Ibu, Ayah, Maafkan Anakmu Ini



Image result for ibu ayah, maafkan anakmu

Assalamu’alaikum wr.wb

Halooo, apa kabaaaaar?? Insya Allah semua pembaca dalam keadaan sehat wal’afiat yaa. Maaf nih saya baru nongol lagi setelah berapa lama ga nongol. Kangen rasanya ini tangan mau nulis lagi, kemarin-kemarin saya sok menyibukkan diri, hehe. Minta doa dari pembaca ya biar saya selalu dalam keadaan sehat terus tetap bisa nulis yang insya Allah bisa berguna dan bermanfaat untuk saya khususnya, pembaca semua pada umumnya.

Bismillah . . .

Saya akan memulai tulisan ini dengan sebuah cerita terlebih dahulu.
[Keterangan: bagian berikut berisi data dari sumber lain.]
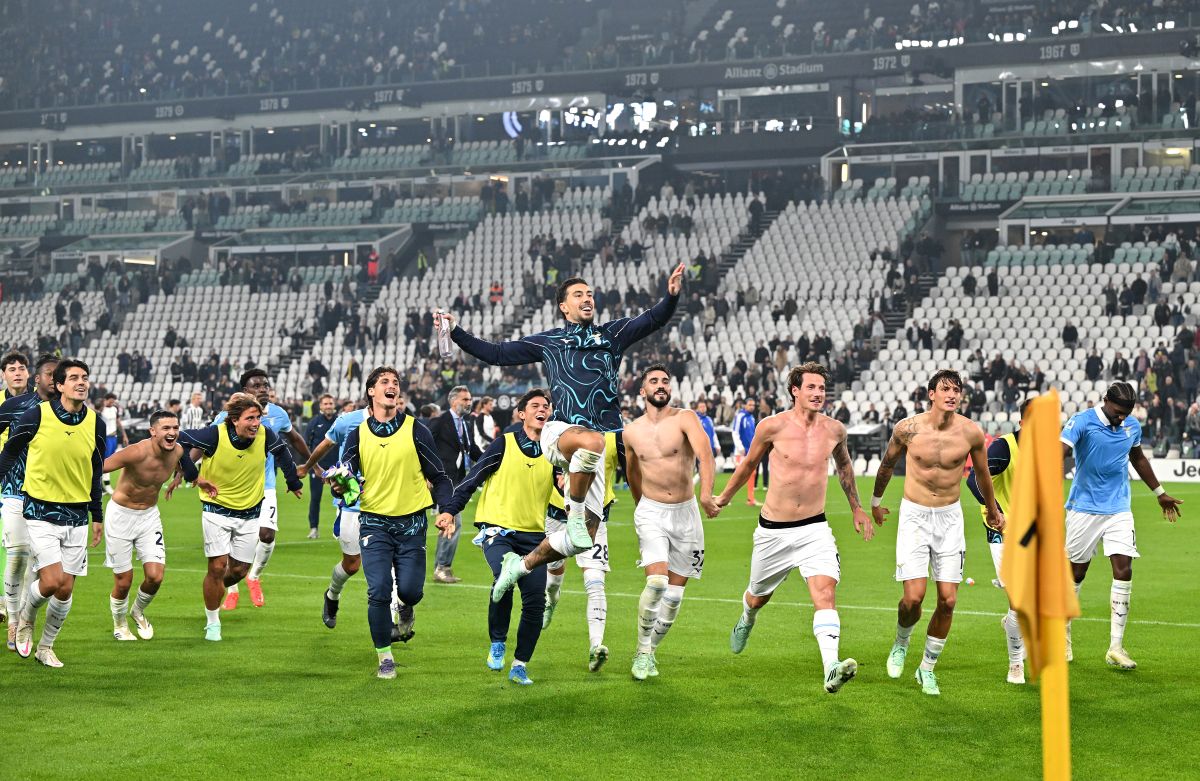 Juventus, Lazio'ya 0-3 yenerek evinde hayal kırıklığı yaşadı, taraftarlar son dakikalarda stadyumu terk etti.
            Suatu hari, satu keluarga yang terdiri dari ayah, ibu, dan anak laki-laki, sedang asik jalan-jalan ke sebuah taman bunga yang sangat cantik untuk berlibur. Ketika di taman tersebut, mereka duduk-duduk santai sembari menikmati hidangan yang dibawa dari rumahnya. Saat sedang asik menikmati hidangan tersebut, sang ayah terdiam dan menghentikan kegiatan menyantap hidangan sambil melihat ke atas dengan tatapan bingung.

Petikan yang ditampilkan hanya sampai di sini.